The WHO official said, “Even if a vaccine is found, controlling the virus will require a ‘massive effort’.”
There are currently more than 100 potential vaccines in development – but Dr Ryan noted there are other illnesses, such as measles, that still haven’t been eliminated despite there being vaccines for them.
WHO Director-General Tedros Adhanom Ghebreyesus stressed it was still possible to control the virus, with effort. “The trajectory is in our hands, and it’s everybody’s business, and we should all contribute to stopping this pandemic,” he said.
WHO epidemiologist Maria van Kerkhove also told the briefing: “We need to get into the mindset that it is going to take some time to come out of this pandemic.”
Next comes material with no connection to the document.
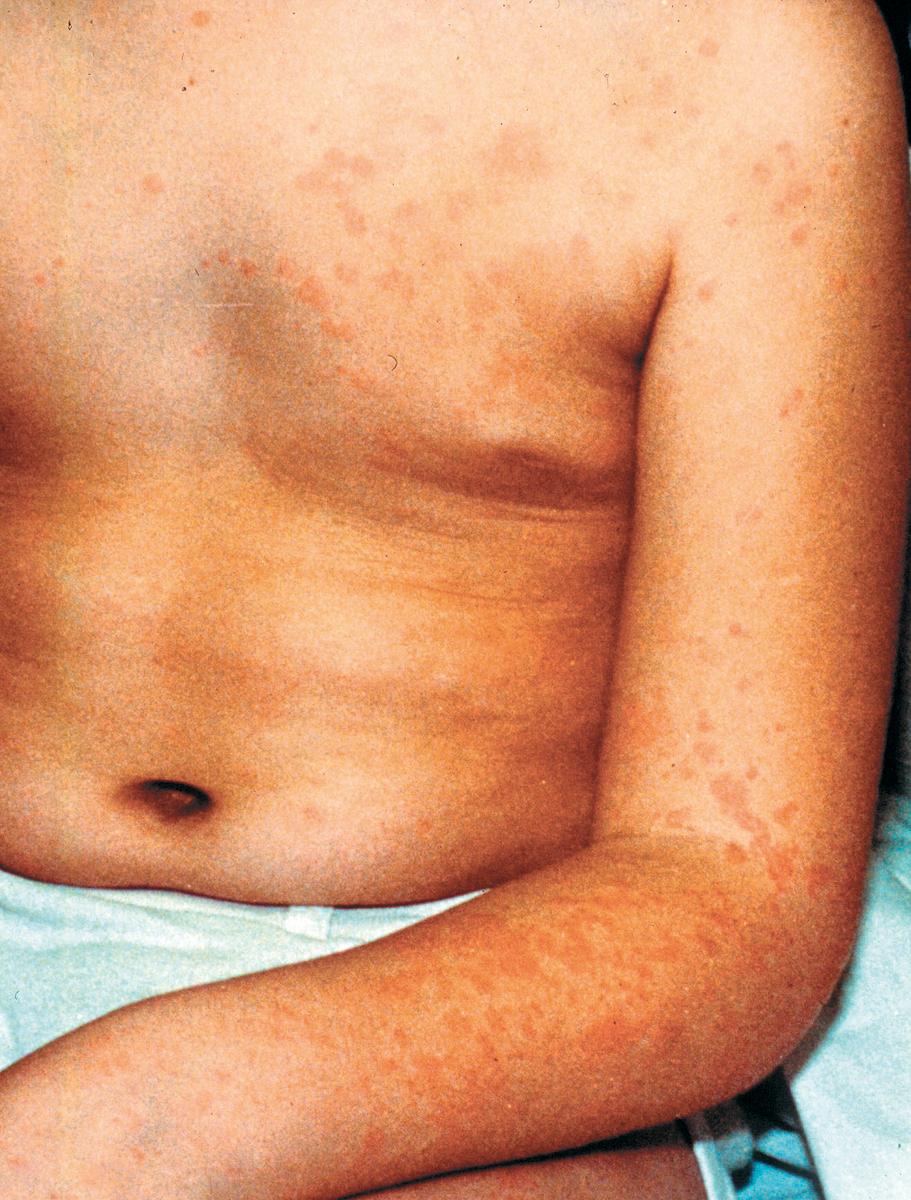 Fig. 44.4, Systemic juvenile idiopathic arthritis rash, a salmon-colored, macular rash that is nonpruritic. The individual lesions are transient, appear in crops, and may be in a linear distribution after minor trauma such as scratching the surface of the skin (Koebner phenomenon).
Their stark remarks come as several countries began to gradually ease lockdown measures, and leaders consider the issue of how and when to reopen their economies. “There is some magical thinking going on that lockdowns work perfectly and that unlocking lockdowns will go great. Both are fraught with dangers,” Dr Ryan said.
Dr Tedros warned that there was no guaranteed way of easing restrictions without triggering a second wave of infections. “Many countries would like to get out of the different measures,” the WHO boss said. “But our recommendation is still the alert at any country should be at the highest level possible,” he added.
About 3,00,000 people worldwide are reported to have died with COVID-19, and more than 4.3m cases recorded.
Meanwhile, the United Nations has warned that the pandemic was causing widespread distress and mental ill-health – particularly in countries where there’s a lack of investment in mental healthcare and, thereby, urged the governments to make mental health considerations part of their overall response.